Some composers mistake visual gimmickry and technological gadgetry for artistic substance. At Los Angeles Contemporary Exhibitions downtown on Friday evening, a passel of new electronic works received first hearings. The listener, alas, went home having heard little of real merit.
Take, for example, "Shredder" by Charles Buel. Though the program notes told us that the recorded sounds included scrambled chord progressions from Bach's music, instrumental, environmental and synthesized sounds, the effect was a repetitive barrage of characterless noise. Over this, Buel and Nicole Dillenberg read, from note cards, a number of real or made-up confessions which varied from innocuous to repulsive. And the pair performed such theatrical acts as chopping wood and attempting to ignite a dummy in a coffin. The work elicited some laughter, but hardly enough to call it a comedy piece.
Less grandiose but no less puerile were a set of works by Mark Wheaton, whose rock background and fluency with modern performance technology were evident. Unfortunately, these artistically sophomoric works relied on props and special effects to maintain interest.

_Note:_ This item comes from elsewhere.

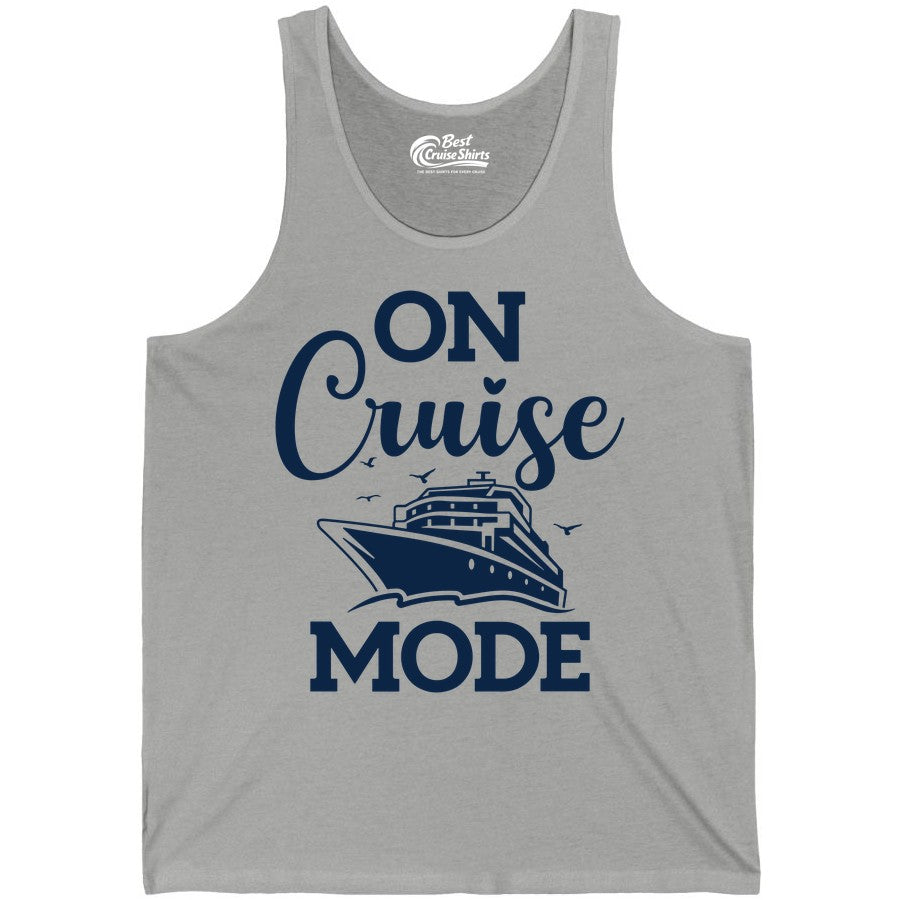 On Cruise Mode Shirt - Funny Nautical Cruise Vacation Apparel Gift (Tank Top) in Athletic Heather - On Cruise Mode Shirt - Nautical Ship Graphic Bold Typography Tee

Two improvisatory guitar works by James McAuley showed considerably more substance, but the digressive rambles exhibited little organizational unity. On the other hand, his "Booming Baby," for tape and megalyra (a six-foot-long zither), was a delight for anyone who enjoys the sound of a crying baby, amplified and distorted.
Not surprisingly, the work least reliant on novelty proved the most attractive. In the folk/New Age-style "Shuffling, Shivering," composer Elise Kermani sang her own ingenuous text over a relatively static electronic background and Harry Gilbert's sensitive cello playing. Engaging, too, was Kermani's "Spiral" in which computer-altered words accompanied Renee Tinnell's erotic dance movements.